**Assignment**
Each entry must appear in the answer exactly as written.

**Dataset extract**
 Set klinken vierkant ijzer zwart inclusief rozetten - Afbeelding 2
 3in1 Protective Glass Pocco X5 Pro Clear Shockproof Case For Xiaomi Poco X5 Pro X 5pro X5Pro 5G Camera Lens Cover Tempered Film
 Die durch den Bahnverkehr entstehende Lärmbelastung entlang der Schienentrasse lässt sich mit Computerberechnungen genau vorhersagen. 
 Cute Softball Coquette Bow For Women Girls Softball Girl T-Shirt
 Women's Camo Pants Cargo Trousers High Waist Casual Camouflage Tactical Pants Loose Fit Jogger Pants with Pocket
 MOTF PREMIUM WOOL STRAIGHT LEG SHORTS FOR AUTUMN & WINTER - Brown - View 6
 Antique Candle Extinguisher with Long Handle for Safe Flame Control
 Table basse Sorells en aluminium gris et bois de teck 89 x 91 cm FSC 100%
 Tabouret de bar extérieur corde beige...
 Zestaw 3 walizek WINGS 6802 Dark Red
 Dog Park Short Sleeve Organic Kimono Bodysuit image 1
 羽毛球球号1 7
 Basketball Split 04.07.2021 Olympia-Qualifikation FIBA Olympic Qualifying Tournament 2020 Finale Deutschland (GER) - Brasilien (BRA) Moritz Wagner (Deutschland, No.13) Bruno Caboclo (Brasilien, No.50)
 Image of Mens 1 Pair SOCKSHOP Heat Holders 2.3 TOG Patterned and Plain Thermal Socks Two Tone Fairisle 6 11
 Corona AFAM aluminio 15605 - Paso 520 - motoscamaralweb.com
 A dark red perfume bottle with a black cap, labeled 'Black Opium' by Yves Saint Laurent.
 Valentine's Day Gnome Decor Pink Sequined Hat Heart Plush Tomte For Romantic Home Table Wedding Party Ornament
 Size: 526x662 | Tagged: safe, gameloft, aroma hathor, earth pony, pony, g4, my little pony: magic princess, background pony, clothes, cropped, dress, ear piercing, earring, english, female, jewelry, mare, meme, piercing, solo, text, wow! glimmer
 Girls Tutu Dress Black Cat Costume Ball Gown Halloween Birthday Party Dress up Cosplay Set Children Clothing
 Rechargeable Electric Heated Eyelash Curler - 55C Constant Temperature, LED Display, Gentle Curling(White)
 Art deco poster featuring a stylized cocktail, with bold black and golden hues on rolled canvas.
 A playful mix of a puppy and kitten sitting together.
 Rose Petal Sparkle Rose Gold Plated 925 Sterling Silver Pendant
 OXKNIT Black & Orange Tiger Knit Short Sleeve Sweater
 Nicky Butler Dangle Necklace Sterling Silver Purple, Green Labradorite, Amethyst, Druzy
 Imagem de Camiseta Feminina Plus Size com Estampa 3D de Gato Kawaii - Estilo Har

**Result of the task**
 Set klinken vierkant ijzer zwart inclusief rozetten - Afbeelding 2
 3in1 Protective Glass Pocco X5 Pro Clear Shockproof Case For Xiaomi Poco X5 Pro X 5pro X5Pro 5G Camera Lens Cover Tempered Film
 Die durch den Bahnverkehr entstehende Lärmbelastung entlang der Schienentrasse lässt sich mit Computerberechnungen genau vorhersagen. 
 Cute Softball Coquette Bow For Women Girls Softball Girl T-Shirt
 Women's Camo Pants Cargo Trousers High Waist Casual Camouflage Tactical Pants Loose Fit Jogger Pants with Pocket
 MOTF PREMIUM WOOL STRAIGHT LEG SHORTS FOR AUTUMN & WINTER - Brown - View 6
 Antique Candle Extinguisher with Long Handle for Safe Flame Control
 Table basse Sorells en aluminium gris et bois de teck 89 x 91 cm FSC 100%
 Tabouret de bar extérieur corde beige...
 Zestaw 3 walizek WINGS 6802 Dark Red
 Dog Park Short Sleeve Organic Kimono Bodysuit image 1
 羽毛球球号1 7
 Basketball Split 04.07.2021 Olympia-Qualifikation FIBA Olympic Qualifying Tournament 2020 Finale Deutschland (GER) - Brasilien (BRA) Moritz Wagner (Deutschland, No.13) Bruno Caboclo (Brasilien, No.50)
 Image of Mens 1 Pair SOCKSHOP Heat Holders 2.3 TOG Patterned and Plain Thermal Socks Two Tone Fairisle 6 11
 Corona AFAM aluminio 15605 - Paso 520 - motoscamaralweb.com
 A dark red perfume bottle with a black cap, labeled 'Black Opium' by Yves Saint Laurent.
 Valentine's Day Gnome Decor Pink Sequined Hat Heart Plush Tomte For Romantic Home Table Wedding Party Ornament
 Size: 526x662 | Tagged: safe, gameloft, aroma hathor, earth pony, pony, g4, my little pony: magic princess, background pony, clothes, cropped, dress, ear piercing, earring, english, female, jewelry, mare, meme, piercing, solo, text, wow! glimmer
 Girls Tutu Dress Black Cat Costume Ball Gown Halloween Birthday Party Dress up Cosplay Set Children Clothing
 Rechargeable Electric Heated Eyelash Curler - 55C Constant Temperature, LED Display, Gentle Curling(White)
 Art deco poster featuring a stylized cocktail, with bold black and golden hues on rolled canvas.
 A playful mix of a puppy and kitten sitting together.
 Rose Petal Sparkle Rose Gold Plated 925 Sterling Silver Pendant
 OXKNIT Black & Orange Tiger Knit Short Sleeve Sweater
 Nicky Butler Dangle Necklace Sterling Silver Purple, Green Labradorite, Amethyst, Druzy
 Imagem de Camiseta Feminina Plus Size com Estampa 3D de Gato Kawaii - Estilo Har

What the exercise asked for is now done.